Differential effects of ω-conotoxin GVIA and tetrodotoxin on vasoconstrictions evoked by electrical stimulation and nicotinic receptor stimulation in canine isolated, perfused splenic arteries

Abstract

1 The effects of ω-conotoxin GVIA (ω-CgTX) and tetrodotoxin (TTX) on vasoconstrictions induced by acetylcholine (ACh) and nicotine were investigated and compared with those induced by periarterial electrical stimulation in the isolated and perfused canine splenic arteries. 2 ACh and nicotine at doses of 0.01 to 1 μmol constricted the splenic artery, dose-dependently.
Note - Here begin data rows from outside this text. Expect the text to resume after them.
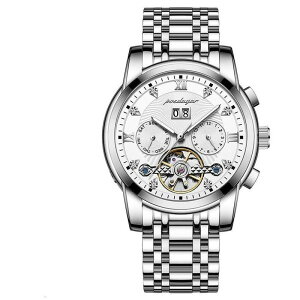 �m�������� �O�F�n�r���v �����Y �j�� �l�C �j���p ���j�� �������� 70�� 60�� 50�� ���Z�� �Љ�l ���w�j�� �@�B���r���v �A�� �a����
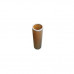 SF FILTER HY 25010, HY25010 HYDRAULIKFILTER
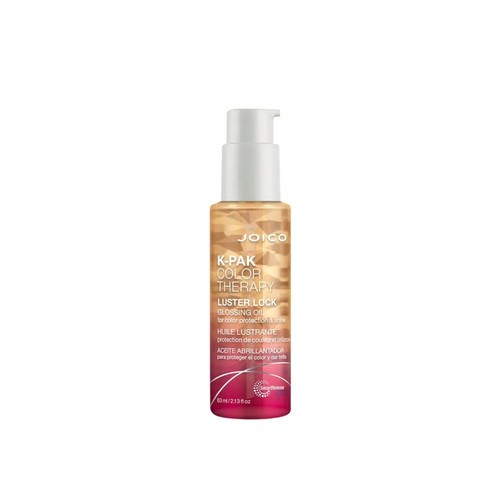 Joico pak color therapy - joico, k-pak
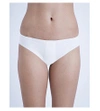 LA PERLA UP DATE JERSEY BRIEFS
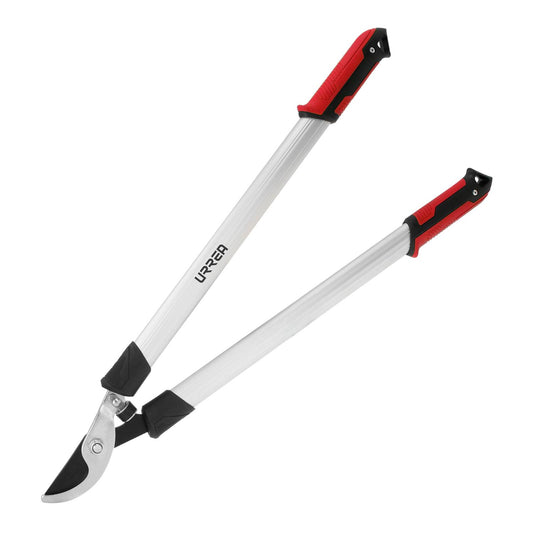 jpg_1500x1500_67273630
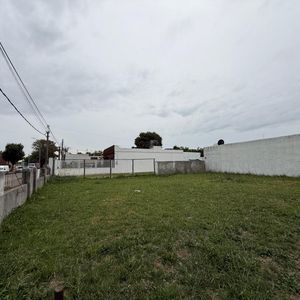 Venta De Terreno Flor De Maroñas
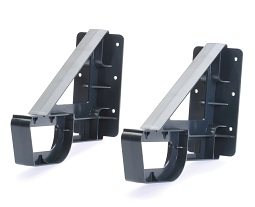 FLEXDOCK/M-DOCK WALL MOUNT Kit CN3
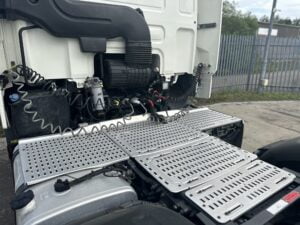 2019-daf-cf530-img_0464-scaled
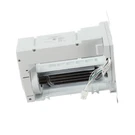 New Genuine Oem 00702092 Bosch Refrigerator Ice Maker Assembly (B19). Fixed Price $999.99.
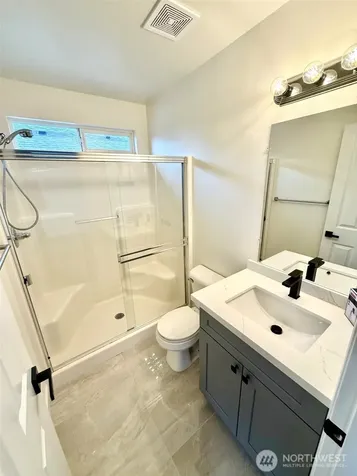 11542 62nd Avenue S Seattle WA 98178
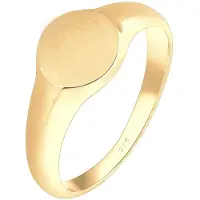 Elli Ring goud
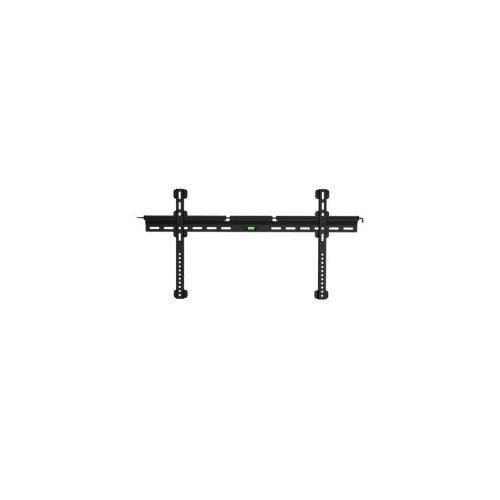 Brateck Ultra-Thin LCD/PDP Wall Bracket up to 63" – Audio | ACP Online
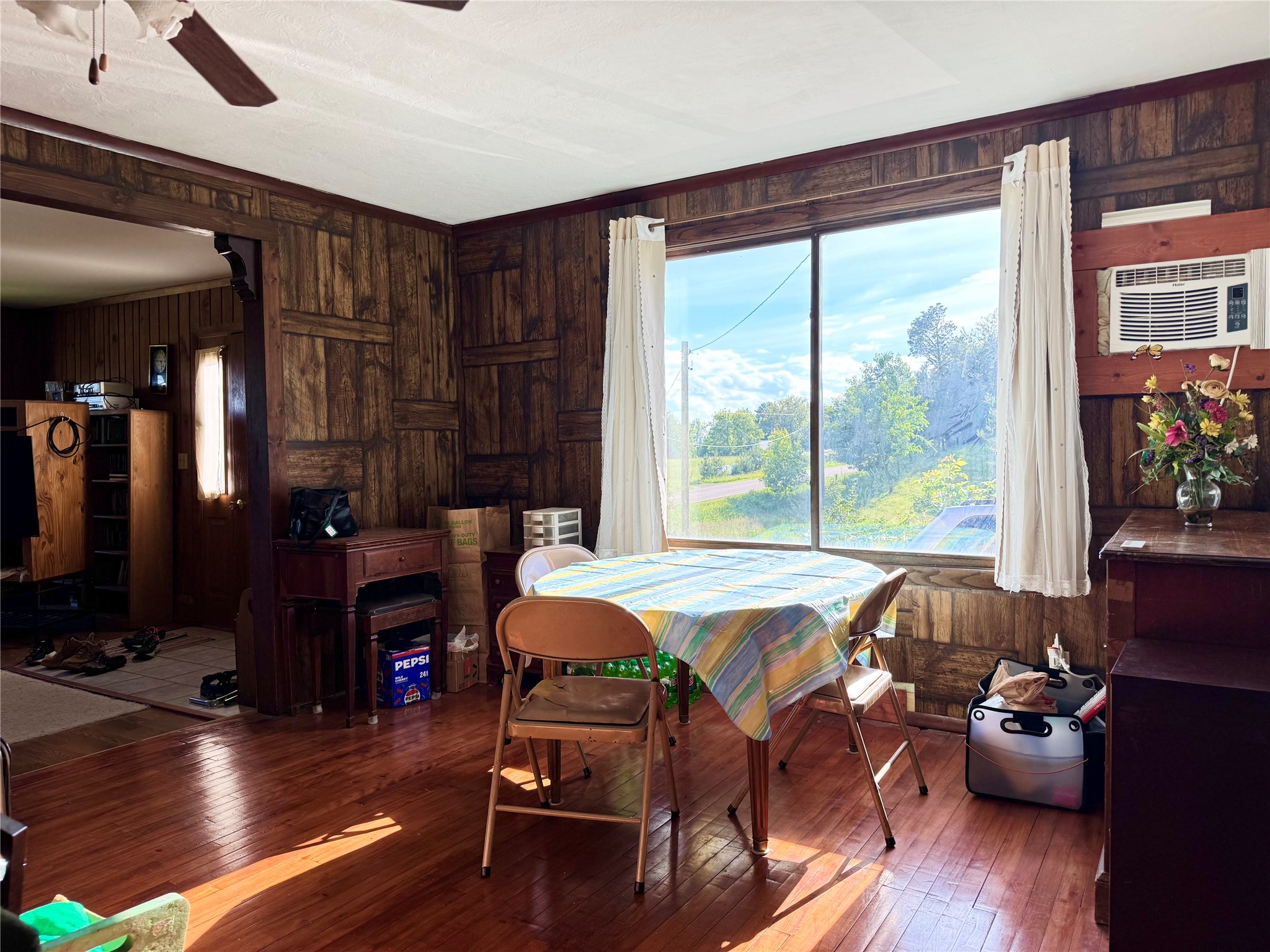 Property Photo #8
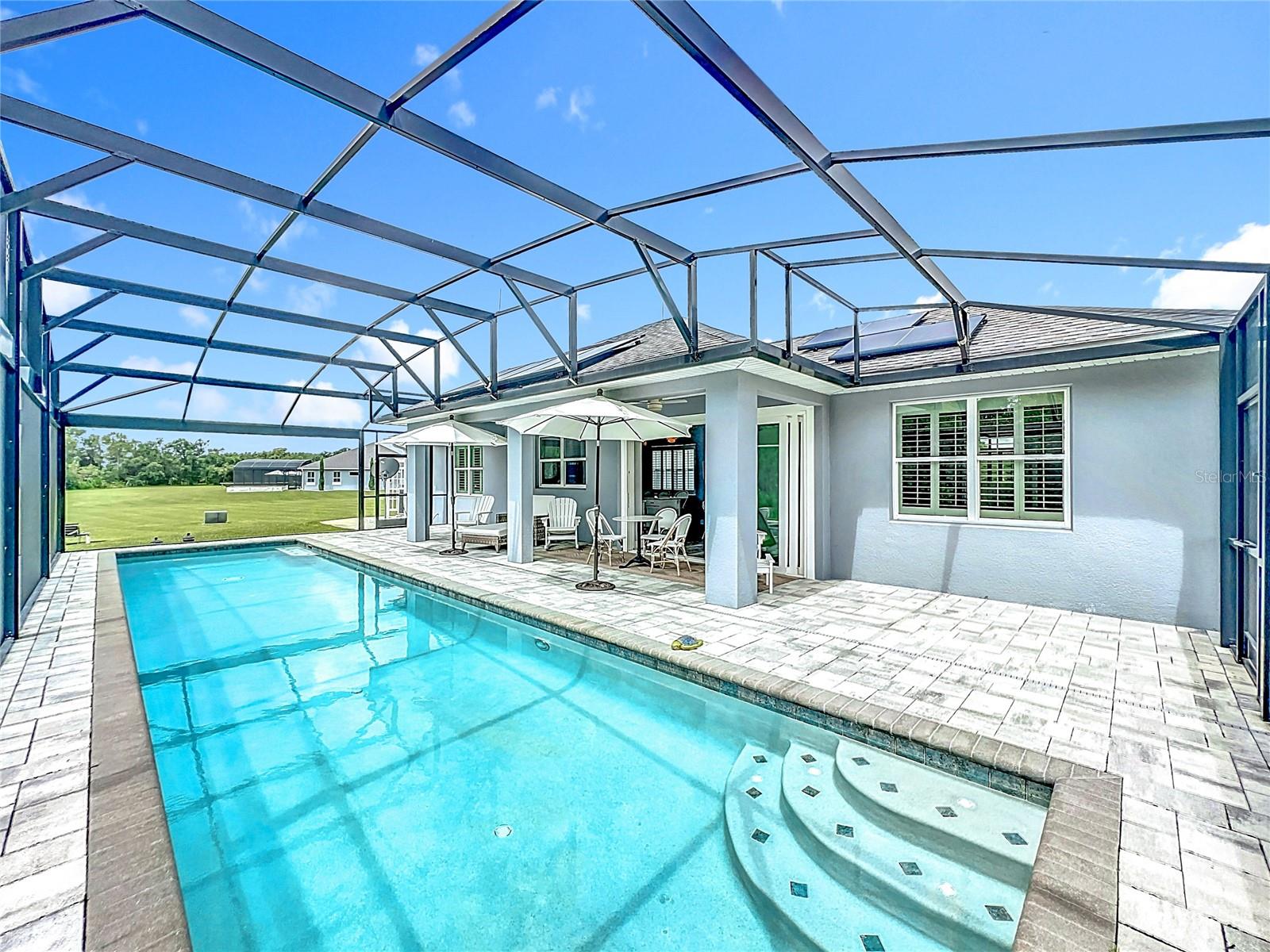 Image 77 of 90 For 10220 & 10224 Bay Lake Road
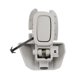 thumbnail image 5 of Car Indoor Rear Row Hook Assembly for Right 1099162, 5 of 5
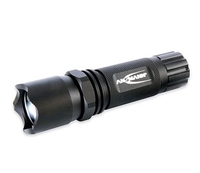 Ansmann Agent 1 Torch (Ansmann Agent 1 Torch)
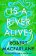 Is a River Alive?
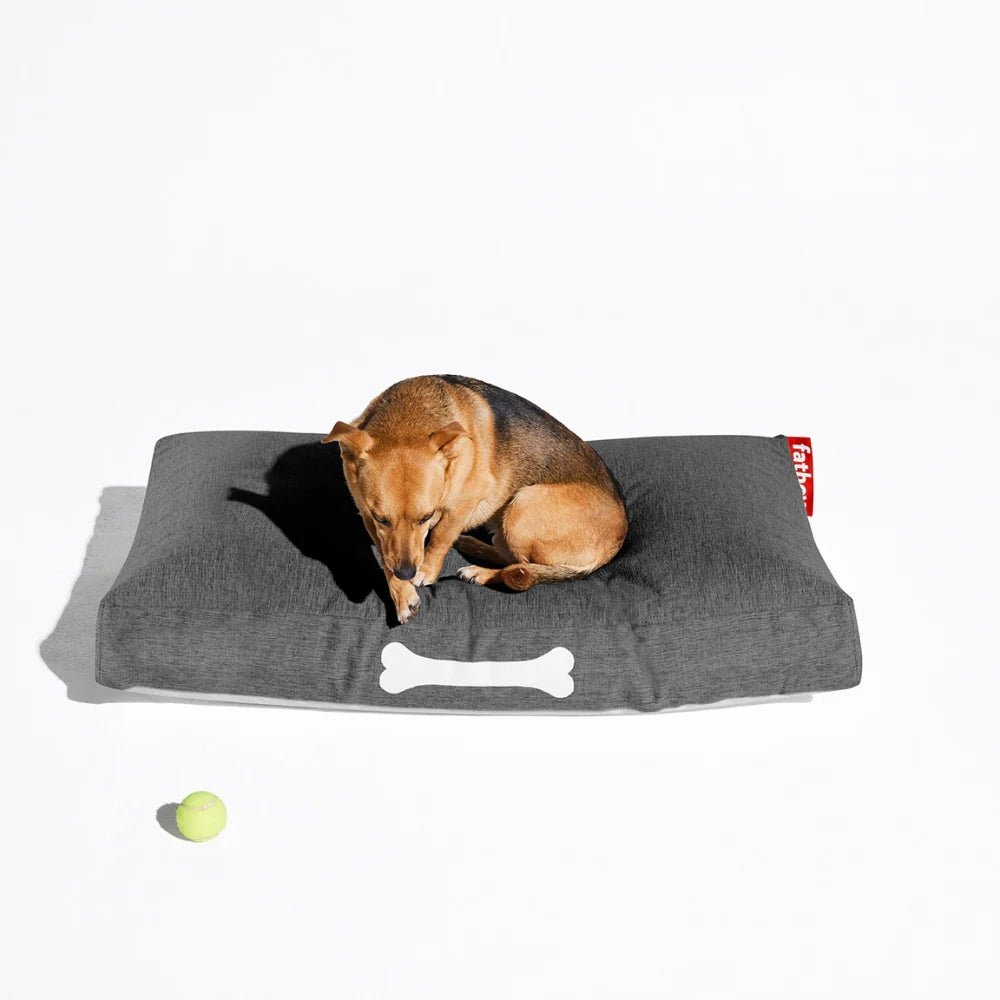Doggie lounge - small - Urban nest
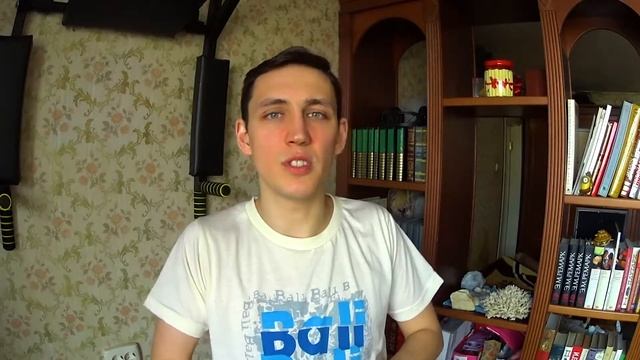 Как я бросил курить? | И почему я говорю о курении смотреть онлайн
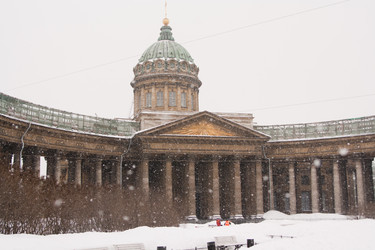 Similar image 17815730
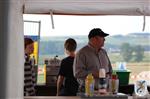 Reitertag 25.08.2013 021.JPG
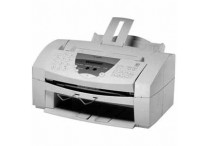 Canon MultiPASS C20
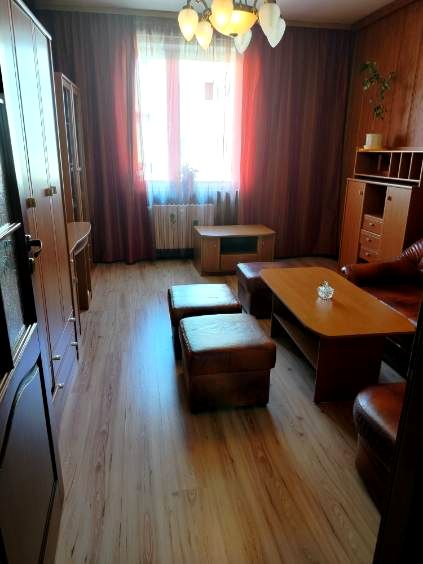Mieszkanie Żyrardów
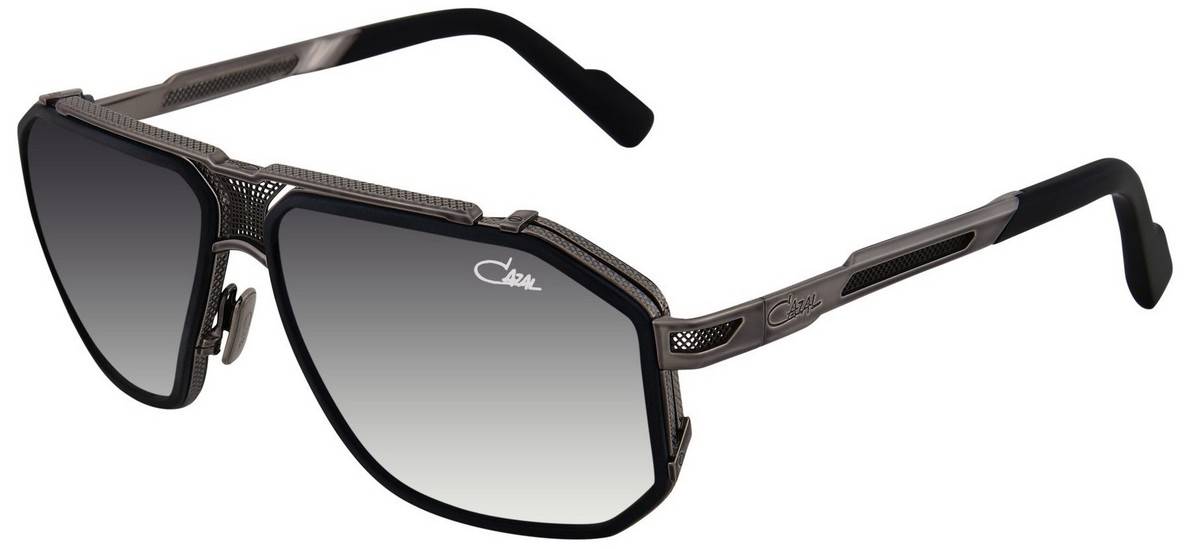 Cazal 0683/3 003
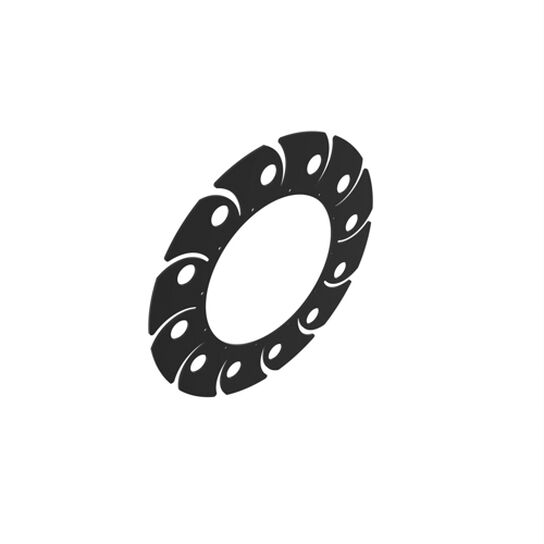 Insert - H203514,  image number 3
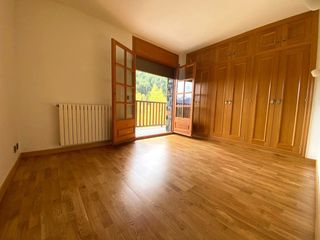 4-bedroom flat for sale in La Massana · 48 of 60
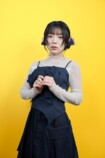 和泉風花“泣きながら帰った”逆境を語るの画像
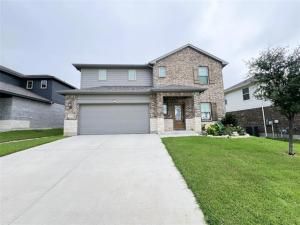MLS #20970988 img 0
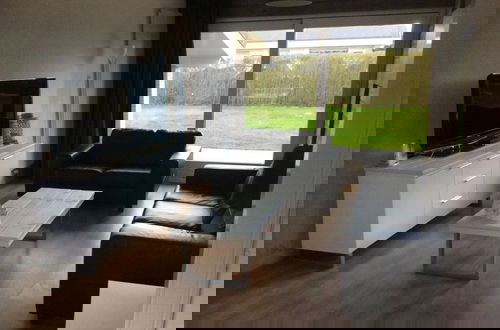 Foto 6 - Lovely Apartment in Julianadorp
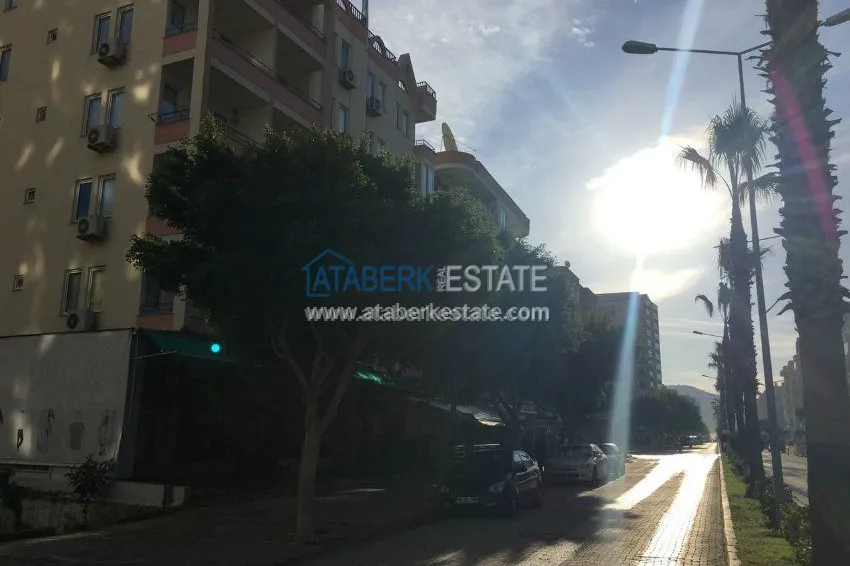 СРОЧНАЯ ПРОДАЖА ОТ СОБСТВЕННИКА! 13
ACh induced consistent responses, but the vasoconstrictor responses to nicotine became significantly smaller with repeated administration of nicotine. 3 Periarterial electrical stimulation produced a vasoconstriction that was abolished by either TTX (30 nmol) or ω-CgTX (3 nmol), but the vasoconstrictor response to nicotine was not significantly affected by the same doses of TTX and ω-CgTX. Inhibitions by TTX and ω-CgTX of ACh-induced vasoconstrictions were small but statistically significant, showing that the percentage inhibition was less than 15%. TTX and ω-CgTX did not affect the vasoconstrictor responses to exogenous noradrenaline (NA). 4 ACh did not produce any vasoconstriction in the preparations treated either with α-adrenoceptor antagonists (10 μm bunazosin and 10 μm midaglizole) or with 30 μm guanethidine. NA-induced responses were abolished by α-adrenoceptor antagonists, but not affected by guanethidine treatment. 5 Vascular responses to ACh were completely inhibited by 1 μmol hexamethonium. In the preparations treated with 100 nmol nicotine, ACh did not produce any vasoconstriction. However, the NA-induced vasoconstriction was affected by neither hexamethonium nor nicotine treatment. 6 Atropine (1 μm) significantly inhibited but did not abolish the vasoconstrictor responses to ACh. The vascular responses to nicotine and NA were also significantly inhibited by atropine treatment. 7 These results indicate that (1) ACh constricts the splenic artery through the activation of presynaptic nicotinic receptors present on the sympathetic nerves; (2) differential effects of TTX and ω-CgTX on the vascular responses to ACh and nicotine, and to electrical stimulation suggest that the receptor-operated ion channels are mainly responsible for NA release induced by nicotinic receptor stimulation, but N-type VOCCs are responsible for that by electrical stimulation; (3) atropine may have an inhibitory action on nicotine-related responses, in addition to its inhibitory action on NA.